Abbiamo bisogno di strutture, insomma, che siano strumenti contro il crimine e non scuole di formazione della criminalità pagate dai contribuenti». Un intervento potente pronunciato da Orlando durante gli Stati generali dell’esecuzione penale due mesi fa. Concluso con la promessa di investire 10 milioni di euro per potenziare il sistema: «Anzitutto potenziando il settore dell’esecuzione penale esterna, quella delle «misure di comunità» verso le quali deve progressivamente spostarsi la sanzione penale e che i sindaci dovrebbero utilizzare di più. I cittadini vi ringrazieranno quando vedranno i giardini puliti dai detenuti». I numeri, in effetti, sembrano dargli ragione. Da quando è diventato ministro il trend è in continua crescita. E i 14 mila del 2014 sono diventati 15.524. Con una crescita anche delle persone impegnate in lavori esterni. Con contratti, cioè, che non gravano sulle casse dello Stato. Ma soprattutto sono la frontiera più importante del reinserimento sociale. La regione più virtuosa è la Lombardia. Qui, grazie anche all’esperienza di Bollate, in quasi 3 mila hanno scelto di rimboccarsi le maniche provando a inventarsi un futuro. Di questi ben 639 lavorano per aziende, cooperative, società varie.
Un doppio primato nel Paese delle gabbie disumane. Non è un caso, quindi, che la “pazza idea” di Lorenzo Lento abbia preso forma e sostanza proprio in Lombardia. Ora, Lento, vorrebbe esportare, tra tante difficoltà, il modello anche in altri istituti: «Avevamo aperto un laboratorio al minorile di Firenze, ma poi la burocrazia si è messa di traverso. È davvero un peccato per questi ragazzi. Anche a Milano Opera vorremmo avviare il progetto, ma è da più di un anno che attendiamo risposte definitive sulla disponibilità dei locali per iniziare l’attività».
Lento per l’impegno di volontario a Bollate ha ricevuto anche un prestigioso premio internazionale: miglior istruttore Cisco. In effetti il riconoscimento, da quel che racconta, è meritato. In questi anni si sono certificati con il massimo dei voti Giuseppe P, ex rapinatore seriale; Massimo U e Abdel K., ex trafficanti internazionali di droga; Bogdan S, alle spalle più di un omicidio; Anier S, ex rapinatore di gioielli. Di questi, in due hanno già in tasca un contratto a tempo indeterminato. È il caso di Abdel, per esempio, che ora si occupa di migliorare le reti interne e i server per una società lombarda con 13 sedi aperte. E di Luigi, la punta di diamante del gruppo, che da qualche tempo ha persino aperto una partita Iva e si è messo in proprio. Continua a lavorare per la multinazionale con cui ha iniziato e in più ha ampliato il suo portafoglio clienti.

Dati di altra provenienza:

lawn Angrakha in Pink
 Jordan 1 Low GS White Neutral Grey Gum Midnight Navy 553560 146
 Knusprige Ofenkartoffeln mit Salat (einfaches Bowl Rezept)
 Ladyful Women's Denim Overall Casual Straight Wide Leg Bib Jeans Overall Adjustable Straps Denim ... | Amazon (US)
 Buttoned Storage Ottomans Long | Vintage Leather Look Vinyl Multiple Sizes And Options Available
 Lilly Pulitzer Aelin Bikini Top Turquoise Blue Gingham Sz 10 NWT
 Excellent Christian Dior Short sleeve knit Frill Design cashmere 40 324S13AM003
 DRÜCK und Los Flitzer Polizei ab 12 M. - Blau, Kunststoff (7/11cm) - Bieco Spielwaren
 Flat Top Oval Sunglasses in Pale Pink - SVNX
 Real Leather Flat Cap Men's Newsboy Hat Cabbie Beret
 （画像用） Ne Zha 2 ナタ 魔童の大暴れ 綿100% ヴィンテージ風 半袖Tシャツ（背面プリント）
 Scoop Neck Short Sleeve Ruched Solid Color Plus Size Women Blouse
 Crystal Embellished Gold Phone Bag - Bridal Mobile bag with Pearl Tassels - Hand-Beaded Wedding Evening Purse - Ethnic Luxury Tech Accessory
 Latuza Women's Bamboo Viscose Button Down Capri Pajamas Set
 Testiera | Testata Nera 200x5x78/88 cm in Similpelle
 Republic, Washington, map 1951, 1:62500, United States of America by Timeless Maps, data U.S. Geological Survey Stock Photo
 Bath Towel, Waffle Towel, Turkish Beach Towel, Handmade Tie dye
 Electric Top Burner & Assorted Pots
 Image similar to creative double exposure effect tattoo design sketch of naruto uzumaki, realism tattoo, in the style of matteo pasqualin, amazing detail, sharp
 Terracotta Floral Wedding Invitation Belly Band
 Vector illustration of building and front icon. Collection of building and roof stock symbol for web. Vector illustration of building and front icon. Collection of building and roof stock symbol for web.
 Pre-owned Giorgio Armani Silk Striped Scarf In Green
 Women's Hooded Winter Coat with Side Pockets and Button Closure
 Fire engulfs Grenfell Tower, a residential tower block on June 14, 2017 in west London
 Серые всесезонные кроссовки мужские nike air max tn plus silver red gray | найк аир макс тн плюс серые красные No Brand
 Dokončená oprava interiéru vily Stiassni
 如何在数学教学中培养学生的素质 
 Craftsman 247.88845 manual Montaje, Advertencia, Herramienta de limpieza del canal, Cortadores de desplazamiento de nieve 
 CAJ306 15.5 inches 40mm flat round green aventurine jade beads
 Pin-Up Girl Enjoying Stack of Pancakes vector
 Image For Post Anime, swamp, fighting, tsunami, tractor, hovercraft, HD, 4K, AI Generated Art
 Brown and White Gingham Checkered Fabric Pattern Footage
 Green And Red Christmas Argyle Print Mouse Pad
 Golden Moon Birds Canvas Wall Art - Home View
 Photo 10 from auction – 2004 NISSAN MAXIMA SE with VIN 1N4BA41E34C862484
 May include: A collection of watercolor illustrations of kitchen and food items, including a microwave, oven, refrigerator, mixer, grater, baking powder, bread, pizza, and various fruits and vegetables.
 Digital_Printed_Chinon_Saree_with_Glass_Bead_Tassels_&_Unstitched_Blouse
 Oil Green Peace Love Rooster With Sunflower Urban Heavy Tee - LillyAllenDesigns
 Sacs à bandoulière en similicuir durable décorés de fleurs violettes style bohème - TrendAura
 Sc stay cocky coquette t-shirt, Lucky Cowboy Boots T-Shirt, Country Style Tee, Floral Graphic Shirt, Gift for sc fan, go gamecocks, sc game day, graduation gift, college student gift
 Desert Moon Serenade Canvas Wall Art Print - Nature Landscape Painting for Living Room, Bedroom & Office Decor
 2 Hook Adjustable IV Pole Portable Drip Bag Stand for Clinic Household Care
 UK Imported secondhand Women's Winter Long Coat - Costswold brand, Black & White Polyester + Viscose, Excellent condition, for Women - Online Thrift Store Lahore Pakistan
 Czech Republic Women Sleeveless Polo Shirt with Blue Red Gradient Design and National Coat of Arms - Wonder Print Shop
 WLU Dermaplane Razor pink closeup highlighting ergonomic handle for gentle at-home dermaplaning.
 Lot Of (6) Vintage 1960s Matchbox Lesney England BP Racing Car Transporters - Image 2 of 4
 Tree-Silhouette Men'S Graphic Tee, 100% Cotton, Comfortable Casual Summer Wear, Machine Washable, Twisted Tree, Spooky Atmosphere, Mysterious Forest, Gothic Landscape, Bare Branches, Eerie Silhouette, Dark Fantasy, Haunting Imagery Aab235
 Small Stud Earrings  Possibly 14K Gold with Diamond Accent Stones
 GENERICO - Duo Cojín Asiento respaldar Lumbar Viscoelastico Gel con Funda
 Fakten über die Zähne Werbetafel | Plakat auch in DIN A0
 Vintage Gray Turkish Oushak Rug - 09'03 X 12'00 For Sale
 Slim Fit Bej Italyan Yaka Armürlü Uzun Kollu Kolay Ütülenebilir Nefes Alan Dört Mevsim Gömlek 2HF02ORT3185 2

«Il lavoro non manca e si guadagna anche bene», sorride soddisfatto Luigi. Prima di raggiungere la vetta, però, il cammino è stato faticosissimo. «Ho tentato in tutti i modi di arrivare a Bollate, sapevo dell’esistenza dell’Academy. Ci sono riuscito nel 2010, dopo aver visto San Vittore, terribile, e Opera, che i detenuti chiamano la tomba dei vivi. Poi, finalmente ricevo la comunicazione tanto attesa: Bollate aveva accettato il mio inserimento. Qui ho conosciuto Lorenzo e ho iniziato a studiare: ho fatto 43 esami complicatissimi e un test che la maggior parte delle persone deve rifare due volte. Per farlo, tra l’altro, ho dovuto aspettare i primi permessi premio perché si svolgono in aule particolari dell’azienda con computer sofisticati. L’ho superato al primo colpo. È stato come fare il pieno di autostima. Non solo per me, ma anche per chi mi ha guidato lungo tutto il percorso. In particolare Lorenzo Lento, che in quel momento, dopo la bella notizia, decise di aprire una cooperativa. Mi assunse subito e nel 2013 mi fu affidato un progetto al conservatorio Giuseppe Verdi, all’epoca diretto da Arnoldo Mosca Mondadori. Il mio compito era gestire la rete informatica. Nello stesso periodo mi sono iscritto, a mie spese, a un altro corso di alta formazione Cisco. Finito con il conservatorio è arrivata la proposta che mi ha cambiato la vita: proteggere la rete informatica di una grande multinazionale. Avrei dovuto mettere in collegamento le vari sedi estere con connessioni sicure, a prova di hacker. Una sfida enorme, ma stimolante».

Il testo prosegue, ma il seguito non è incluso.